## What the task requires
Below, locate the line that contains "Alright guys, here". Repeat exactly from that line to the line that contains "In the informal", inclusive, leaving out the pictures.

## Exercise data
◇ ◇ ◇ ◇ ◇ ◇ ◇

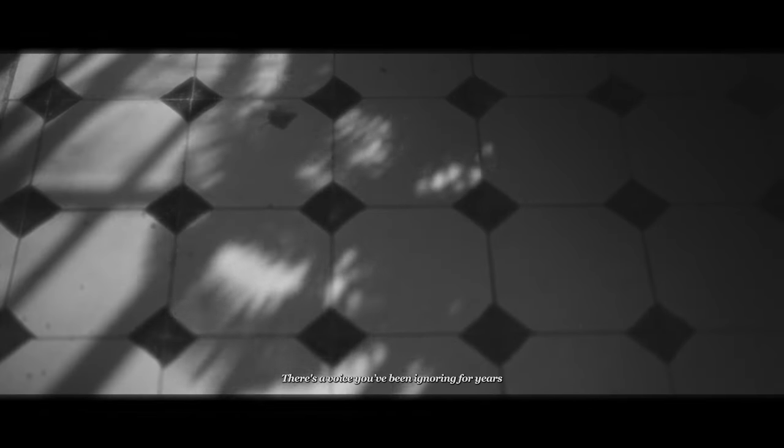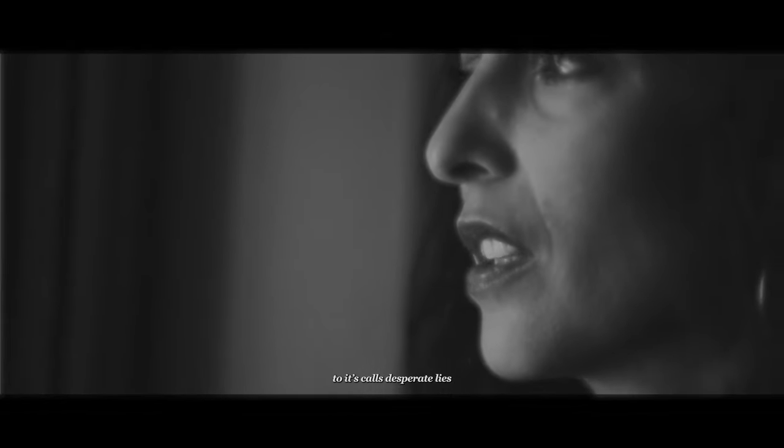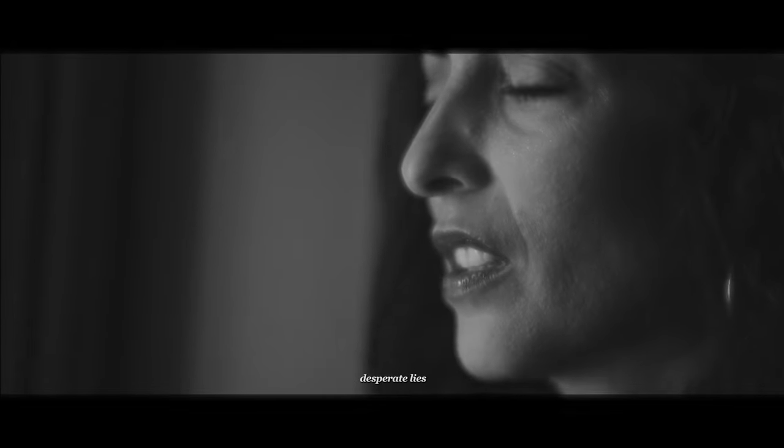There's a voice you've been ignoring for years deep down inside. And you prefer being blind to its calls, desperate lies. Just for more empty spaces to slip and let go, but in the meantime you're dying a little bit more.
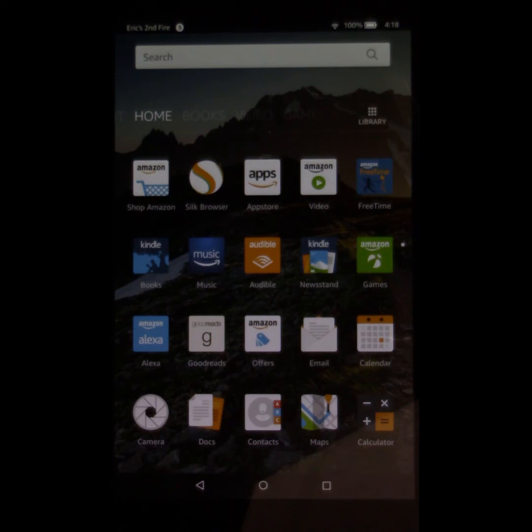Alright guys, here we go. So this is the brand new Kindle Fire 8-inch tablet.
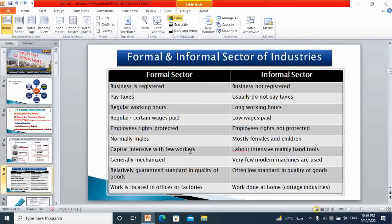In the informal sector — which includes cottage and small scale industries — businesses are usually not registered. Examples include brickkiln industry, jewelry making, handicrafts, sports goods, and surgical instruments. These businesses are generally not registered by the government. Usually they do not pay taxes since they are not registered and do not file tax returns. They have long working hours, typically around 10 to 12 hours, with no fixed working hours.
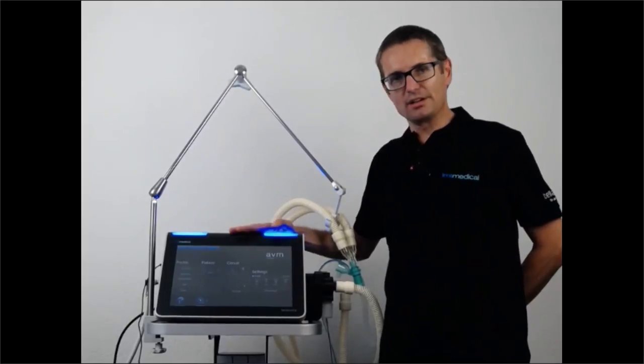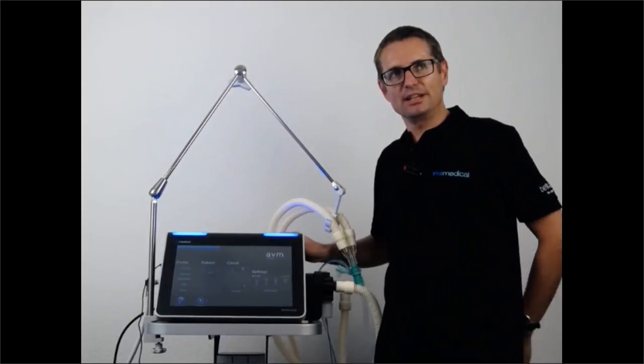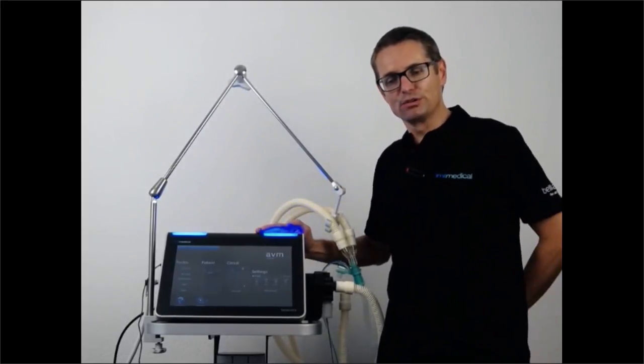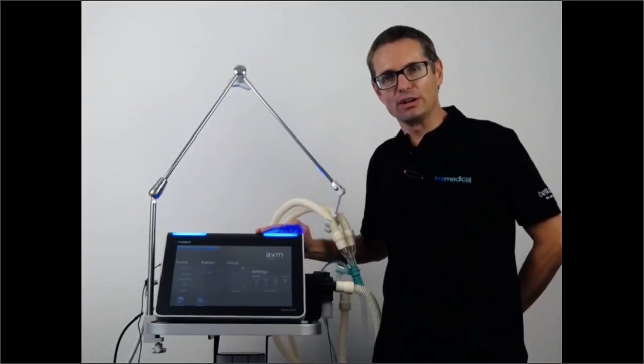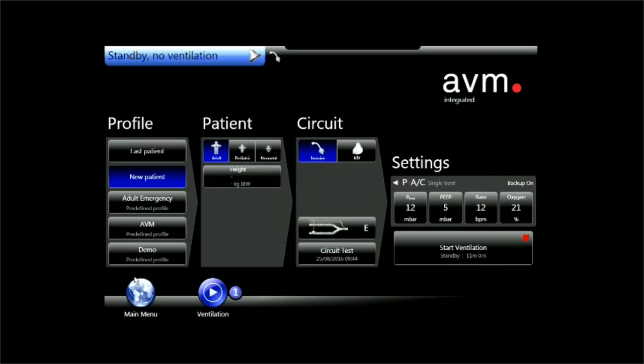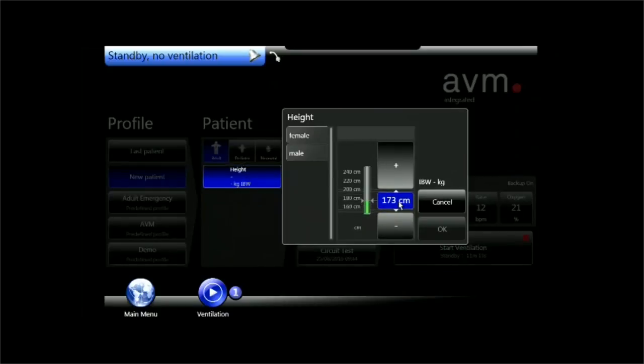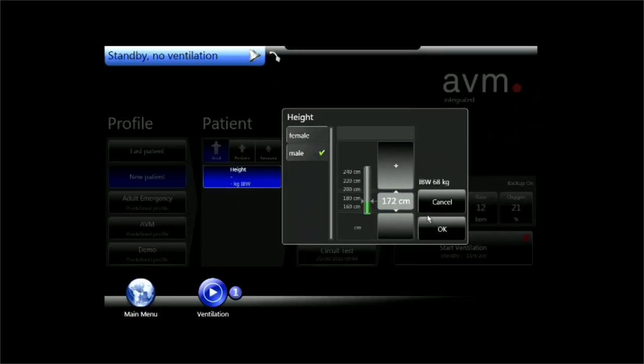It all starts at the start screen from Bella Vista, which we are going to look at now in more detail. When we set up a new patient via its height and gender, this not only sets the ventilation settings, but it also sets all the alarms.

◇ ◇ ◇ ◇ ◇ ◇ ◇

## Task output
Alright guys, here we go. So this is the brand new Kindle Fire 8-inch tablet.
In the informal sector — which includes cottage and small scale industries — businesses are usually not registered. Examples include brickkiln industry, jewelry making, handicrafts, sports goods, and surgical instruments. These businesses are generally not registered by the government. Usually they do not pay taxes since they are not registered and do not file tax returns. They have long working hours, typically around 10 to 12 hours, with no fixed working hours.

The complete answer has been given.